Hippos, the fifth-heaviest land mammal, exhibit a surprising gait. A recent study from the University of London’s Royal Veterinary College reveals that these massive creatures briefly become airborne while trotting at higher speeds.
Researchers analyzed footage of 169 strides from 32 different hippos and found no instances of galloping. Instead, these muscular mammals consistently used a trot or near-trot, where their feet strike the ground in diagonal pairs. During this trot, a short aerial phase occurs, with hippos spending approximately 15% of each stride completely airborne at top speeds. This airborne phase was a previously undocumented aspect of hippo locomotion.
This preference for trotting is unusual for large terrestrial mammals. Rhinoceroses and giraffes, for instance, utilize varying footfall patterns at different speeds. Interestingly, this trotting gait may have ancient roots. Separate research suggests that long-necked dinosaurs might have employed a similar gait.
Hippos are semi-aquatic, spending much of their time in water. However, around dusk, they emerge onto land to graze, consuming around 80 pounds of grass throughout the night. Their aquatic habits and potentially aggressive nature present challenges for researchers studying their movement, as noted by John R. Hutchinson, the study’s lead author and an evolutionary biomechanics professor at the Royal Veterinary College.
Studying hippos in captivity is difficult due to their limited time on land, nocturnal activity, and inherent danger.
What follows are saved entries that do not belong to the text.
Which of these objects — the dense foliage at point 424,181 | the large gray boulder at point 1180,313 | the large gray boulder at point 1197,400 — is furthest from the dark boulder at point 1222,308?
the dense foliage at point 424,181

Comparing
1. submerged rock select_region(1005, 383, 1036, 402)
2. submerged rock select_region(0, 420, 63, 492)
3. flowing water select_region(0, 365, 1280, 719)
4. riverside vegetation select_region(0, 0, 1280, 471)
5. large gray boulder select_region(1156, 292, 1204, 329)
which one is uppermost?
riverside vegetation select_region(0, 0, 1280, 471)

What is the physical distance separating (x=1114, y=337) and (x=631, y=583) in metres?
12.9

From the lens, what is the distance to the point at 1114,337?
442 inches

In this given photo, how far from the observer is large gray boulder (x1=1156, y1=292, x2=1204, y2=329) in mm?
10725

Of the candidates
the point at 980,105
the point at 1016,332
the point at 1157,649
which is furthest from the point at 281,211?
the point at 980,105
Observing them in the wild presents its own set of challenges, primarily the difficulty of capturing footage of them moving at higher speeds.
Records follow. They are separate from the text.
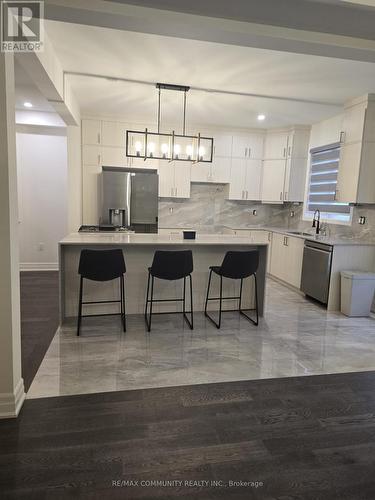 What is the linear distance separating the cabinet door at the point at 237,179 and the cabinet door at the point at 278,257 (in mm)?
1083

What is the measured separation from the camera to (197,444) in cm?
192

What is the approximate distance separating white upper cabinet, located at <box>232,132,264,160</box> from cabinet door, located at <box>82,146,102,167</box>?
252 cm

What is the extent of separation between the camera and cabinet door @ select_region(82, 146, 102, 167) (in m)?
5.69

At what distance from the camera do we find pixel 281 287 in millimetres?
5582

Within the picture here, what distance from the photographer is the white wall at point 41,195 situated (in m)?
5.71

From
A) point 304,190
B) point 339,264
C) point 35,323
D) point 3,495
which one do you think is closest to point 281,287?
point 339,264

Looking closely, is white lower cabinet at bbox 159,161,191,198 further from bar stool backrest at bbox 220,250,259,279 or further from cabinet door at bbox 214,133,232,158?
bar stool backrest at bbox 220,250,259,279

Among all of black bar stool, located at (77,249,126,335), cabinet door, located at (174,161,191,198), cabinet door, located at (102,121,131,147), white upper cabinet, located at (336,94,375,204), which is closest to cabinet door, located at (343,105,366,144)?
white upper cabinet, located at (336,94,375,204)

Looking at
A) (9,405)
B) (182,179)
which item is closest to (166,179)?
(182,179)

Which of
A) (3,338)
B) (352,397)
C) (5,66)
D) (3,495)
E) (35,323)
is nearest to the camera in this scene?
(3,495)

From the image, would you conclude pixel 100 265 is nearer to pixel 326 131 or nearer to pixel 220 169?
pixel 220 169

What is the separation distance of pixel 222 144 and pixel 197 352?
4372 mm

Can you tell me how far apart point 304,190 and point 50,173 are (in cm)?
462

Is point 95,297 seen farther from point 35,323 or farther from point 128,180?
point 128,180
Hutchinson acknowledged the niche nature of the research, stating that the question of hippo locomotion hadn’t been thoroughly explored. However, his focus on how large animals face constraints in their land-based movement made this investigation a natural progression of his research.
The study, published in PeerJ, offers new insights into the biomechanics of hippos and sheds light on the unique adaptations these large mammals have developed for terrestrial locomotion.
This research underscores the importance of continued observation and analysis to fully understand the complexities of animal movement. The findings contribute to a broader understanding of how large animals adapt to their environments and overcome physical limitations.